家を出ようとすると、突然職場の同僚二人がアーサー・フレックのお母さんが亡くなったことを聞きつけ、やってきた。しかしそのうちの一人は以前に銃のことをチクった男だった。
ジョーカーは突然ハサミを使って同僚に襲い掛かる。ジョーカーは最後まで容赦しなかったが、もう一人の同僚のことは許してあげた。
映画ジョーカーのあらすじその5 番組出演
ジョーカーが外に出ると、刑事二人が彼の後を追ってきた。ジョーカーが地下鉄に逃げ込むと、そこはピエロの恰好をしたデモの参加者で一杯だった。乗客はみんなスローガンを掲げ、興奮していた。

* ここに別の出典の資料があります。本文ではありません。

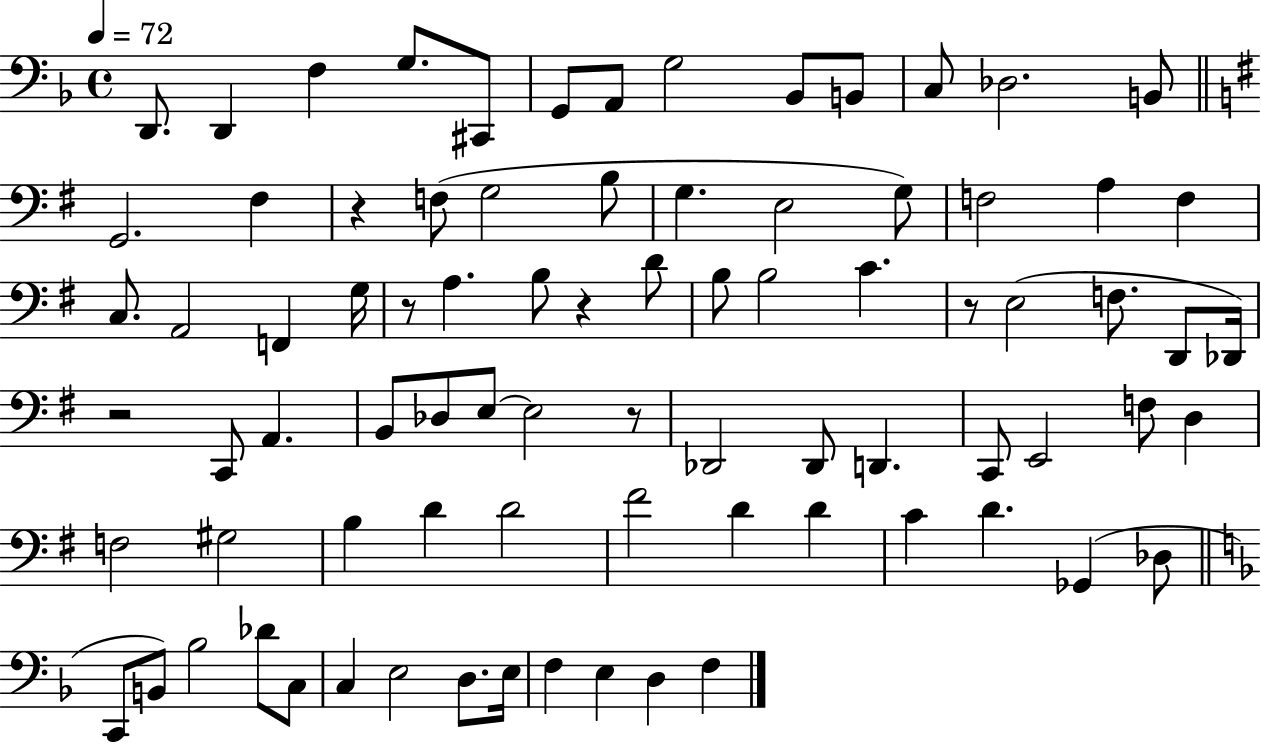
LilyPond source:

{
  \clef bass
  \time 4/4
  \defaultTimeSignature
  \key f \major
  \tempo 4 = 72
  \repeat volta 2 { d,8. d,4 f4 g8. cis,8 | g,8 a,8 g2 bes,8 b,8 | c8 des2. b,8 | \bar "||" \break \key e \minor g,2. fis4 | r4 f8( g2 b8 | g4. e2 g8) | f2 a4 f4 | \break c8. a,2 f,4 g16 | r8 a4. b8 r4 d'8 | b8 b2 c'4. | r8 e2( f8. d,8 des,16) | \break r2 c,8 a,4. | b,8 des8 e8~~ e2 r8 | des,2 des,8 d,4. | c,8 e,2 f8 d4 | \break f2 gis2 | b4 d'4 d'2 | fis'2 d'4 d'4 | c'4 d'4. ges,4( des8 | \break \bar "||" \break \key d \minor c,8 b,8) bes2 des'8 c8 | c4 e2 d8. e16 | f4 e4 d4 f4 | } \bar "|."
}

刑事二人がジョーカーを追いかけようと、横柄な態度で電車内に乗り込むと、やがて乗客たちが刑事に襲い掛かり、袋叩きにしてしまう。ジョーカーはその隙を見て、テレビ局へと向かった。
マーレイ・フランクリンの番組に出演するために楽屋で待機していたジョーカーは、マーレイ・フランクリン本人と初対面する。
そのときジョーカーは、マーレイ・フランクリンに自分をジョーカーとして紹介してくれと頼む。
いざ本番が始まると、最初の掴みは好調で観客にもそれなりに受けていた。しかし人々が自分のことを馬鹿にしていることを察すると、ジョーカーは自分こそが犯人のピエロだと告白し、生放送中に銃を抜いてマーレイ・フランクリンを撃ち殺した。
これによって逮捕されたジョーカーだったが政府に不満を持ち、ジョーカーを支持する人々によって街は暴動が起こっていた。
そしてピエロのマスクをかぶった男が乗った救急車がジョーカーが輸送されていたパトカーに衝突し、ジョーカーを解放した。
また、男は、劇場から出て来たトーマス・ウェインと妻マーサ・ウェインを息子のブルースの目の前で襲撃した。
一方、ジョーカーは精神病院の中にいた。カウンセラーと話を聞いていた彼は、どうにかして部屋を脱出し、血だらけになった足を地面に擦りながら廊下を走り回るのだった。